_Source information_:
###

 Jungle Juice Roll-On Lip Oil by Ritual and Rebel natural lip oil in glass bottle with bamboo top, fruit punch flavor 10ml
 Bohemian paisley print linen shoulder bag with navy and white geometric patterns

###

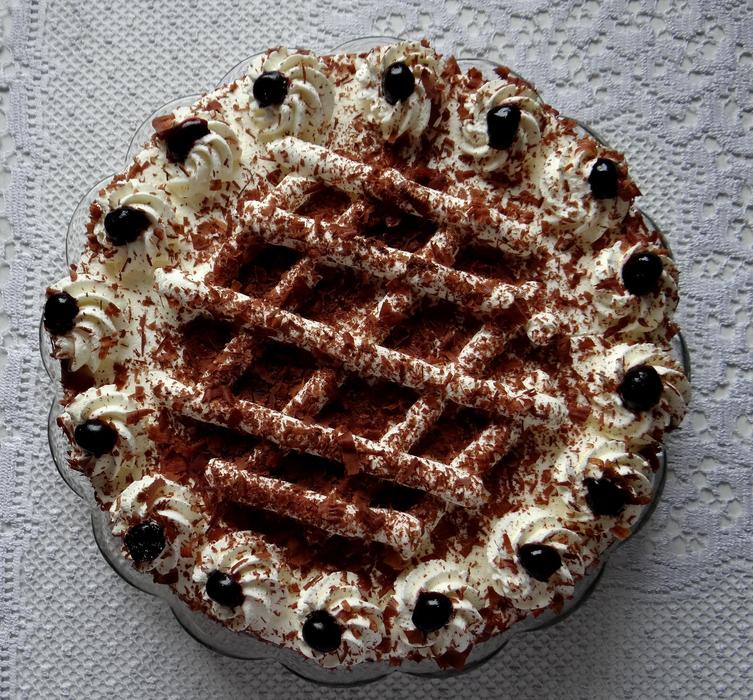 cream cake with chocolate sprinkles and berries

###

_Description of the task_: From the records above, print exactly the lines that run from the line with "Jungle Juice Roll-On" to the line with "Bohemian paisley print", inclusive.

_Response to this exercise_:
 Jungle Juice Roll-On Lip Oil by Ritual and Rebel natural lip oil in glass bottle with bamboo top, fruit punch flavor 10ml
 Bohemian paisley print linen shoulder bag with navy and white geometric patterns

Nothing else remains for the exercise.